Consider Louvain-la-Neuve, for example. It is the very definition of a college town, as it was created solely to house the university that was built there. The town’s name is French for “New Leuven”, Leuven being the primarily Dutch-speaking town where the school was founded in 1834 – and remains today. Confused? It’s understandable if you are. Unable to bridge their differences, the leaders of the Catholic University of Leuven split the school in two in 1968, creating the Katholieke Universiteit Leuven, which remained in Leuven, and the Université Catholique de Louvain, around which the new, French-speaking town was begun. This was not just an academic exercise. The school’s split contributed to the fall of the Belgian government.

That summer in Louvain-la-Neuve, I remember learning some of this history from students and residents who recounted the then ten-year-old breakup with all the indignation of the jilted. Now, twenty-three years after Europe became unified and Brussels became the continent’s de facto capital, the old divisions among the people of Belgium highlight the burden that country has placed upon itself. If Belgian Catholics could not get along with Belgian Catholics, if speaking Dutch or French is enough to separate them, how do they hope to manage the intricacies of integrating Belgians of North African descent speaking Arabic and practicing Islam? It is not as if that community does not have a need to be woven into the fabric of Belgium and, by extension, Europe.

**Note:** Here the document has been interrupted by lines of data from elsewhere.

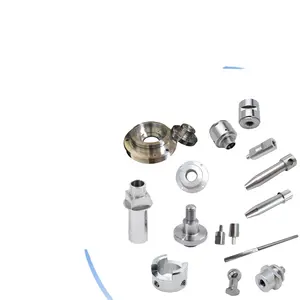 أجزاء صيانة CNC لقطع غيار السيارات/القطع الميكانيكية/أجزاء صيانة المنازل للمحرك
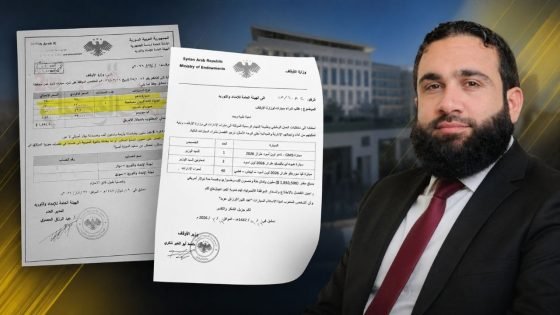 عاجل: أول تعليق من وزارة الأوقاف حول شراء سيارات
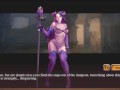 Crystal Maidens Edana Gallery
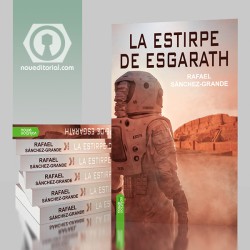 La estirpe de Esgarath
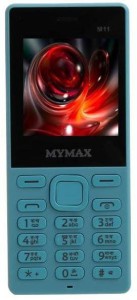 Mymax M11(Sky Blue)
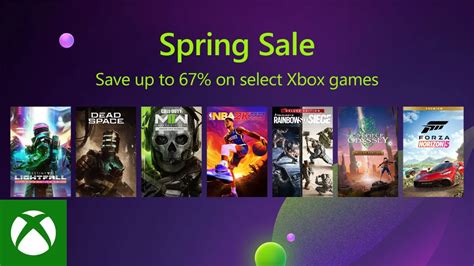 Xbox Live Spring Sale Includes Some Fighting Games Discounts | DashFight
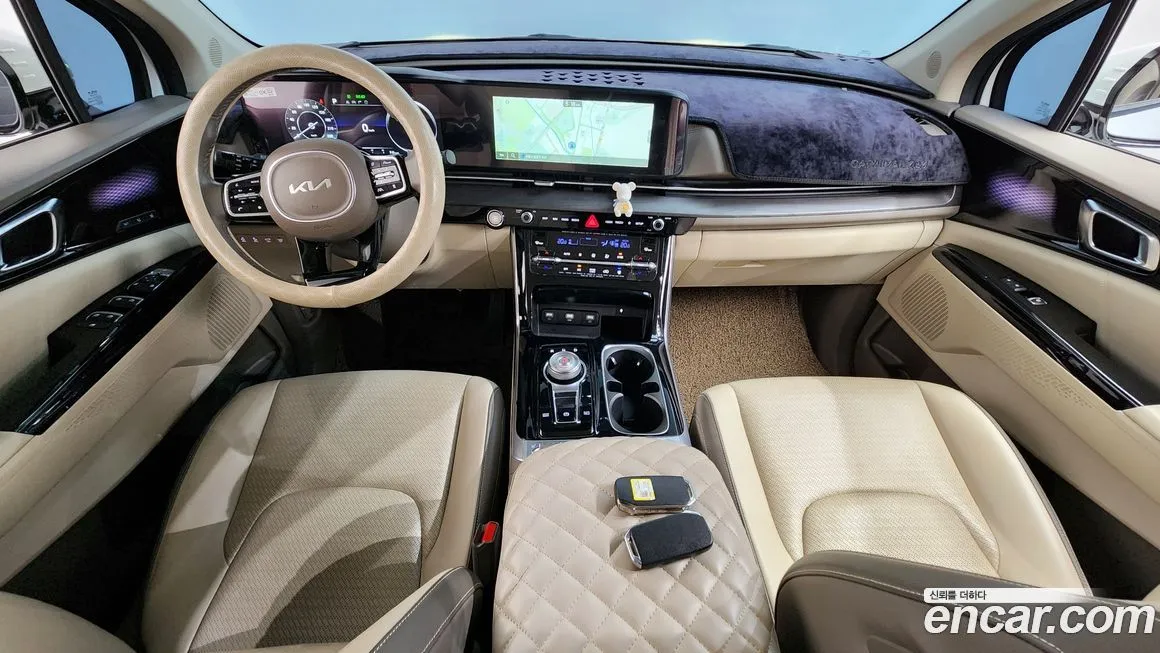 Kia Carnival — фото 2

I am reminded of that need when thinking of another story I was told while there that summer. It was about an Arab student who – while walking along a street in Louvain-la-Neuve one day — saw a young Arab boy. Surmising there must be an Arab family somewhere in town, and desperately seeking some semblance of familiarity, the student followed the boy home, hoping to find where he and his family lived. As it turned out, the boy was not Arab after all. He was my six-year-old cousin, an American. The student became one of a few befriended by my family.

We should view the recent terrorist bombings in Brussels with caution, but not as a cautionary tale. Their problem is not the same as ours. Successfully accommodating citizens who are neither of European heritage nor Christian by faith is something this country still hasn’t mastered, but — when compared to Europe — we seem to have gotten some of it right. This will remain the case, unless upended by the xenophobia being stoked this political season.